Early Hollow Running Curlew Massachusetts, c. 1850 19 1/4 in. long
“When I received the postcard announcement of his annual Veterans’ Day Americana auction from Carl R. Nordblom, the Cambridge Massachusetts Auctioneer, my eye was caught by a split-tailed curlew amidst the jumble of chairs, chests, and china. It looked good enough to lure me to the jam-packed viewing room at the Holiday Inn in Dedham, Massachusetts. When I asked to see the curlew it was brought to me in a carton with the head separated from the body, and they ordered me to ‘Handle it with care and don't try to assemble it!’ I didn't have to. It was splendid, and in good condition, one of the best curlews I had ever seen.” -Jackson Parker, Decoy Magazine, 1997
Every so often, the unearthing of a singular decoy captures the imaginations of the decoy and folk art collecting communities. Such is the story of this curlew. In 1997 Decoy Magazine described this one-of-a-kind decoy as “one of the best curlew decoys we’ve seen.”

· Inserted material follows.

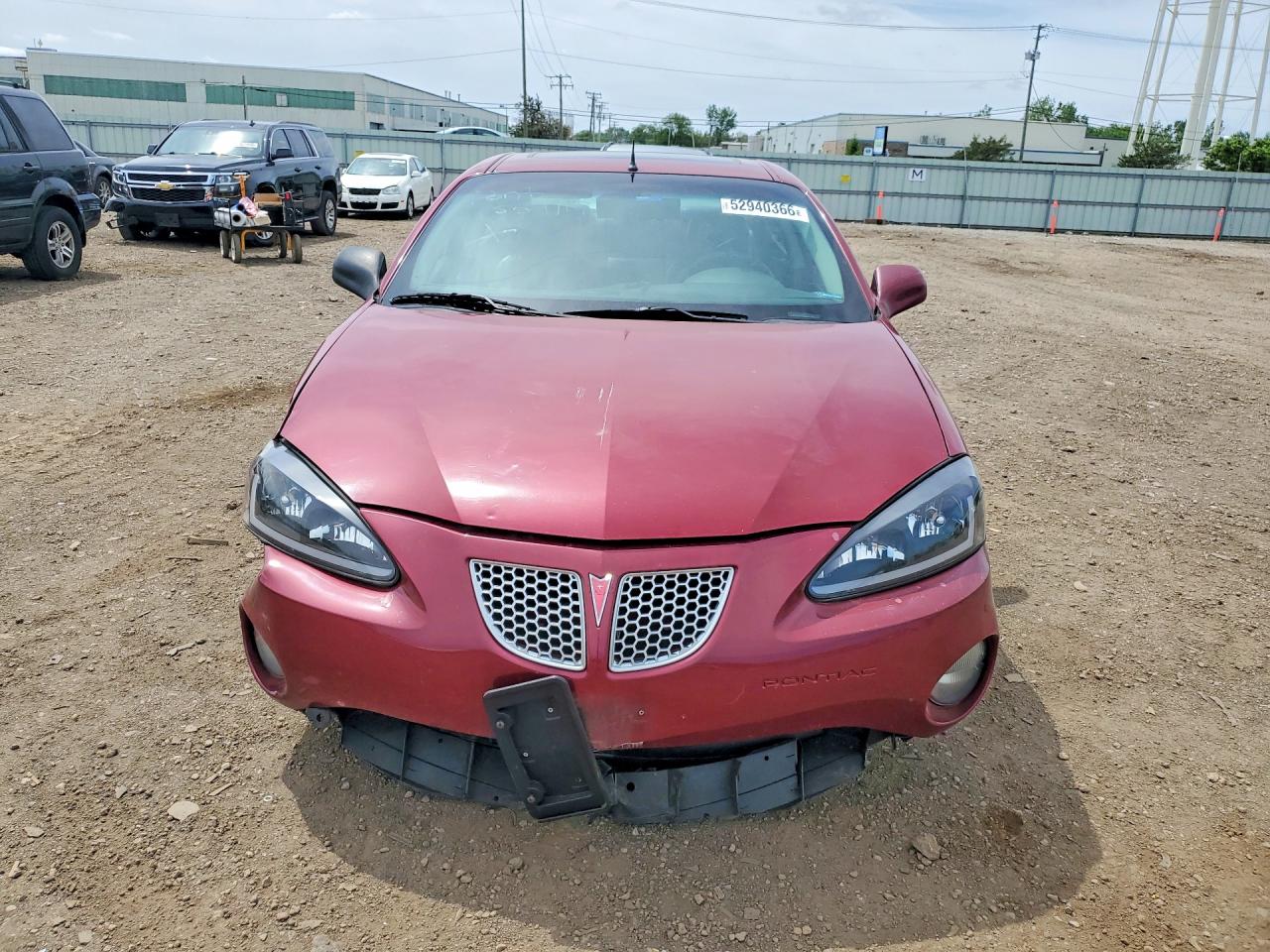 2005 Pontiac Grand Prix Gt Maroon vin: 2G2WS522951164539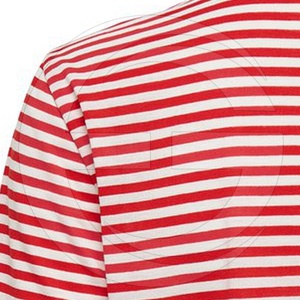 Camiseta sencilla informal de algodón para mujer, con cuello redondo Camiseta cómoda, Top corto de algodón para mujer, camiseta rosa - Product Image 3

The first major decoy collector to acquire this bird was Thomas K. Figge. The Figge Collection consisted of over one hundred waterfowl decoys and is revered as one of the finest collections ever assembled. Though primarily focused on ducks and geese, Mr. Figge made three important shorebird acquisitions: this reaching decoy, a Phillips rig running curlew, and a rig of Nantucket curlew. During its tenure in the Figge Collection, this bird was selected for the “One Hundred Greatest” book. Discussing the decoy, Figge recounts: “When Stevie called me about this bird I could tell by his voice that it was worth checking out. Though shorebirds were in no way my primary pursuit, I asked to see some photos. When they arrived in the mail, I was immediately intrigued. The bird was big and bold, not like most shorebirds I had seen. I told him to buy it.”
As with many great decoys, this curlew possesses a powerful presence. Fashioned in a running pose, it measures over nineteen inches from the tip of the delicate octagonal bill to the classic “Lincolnesque” split-tail carving.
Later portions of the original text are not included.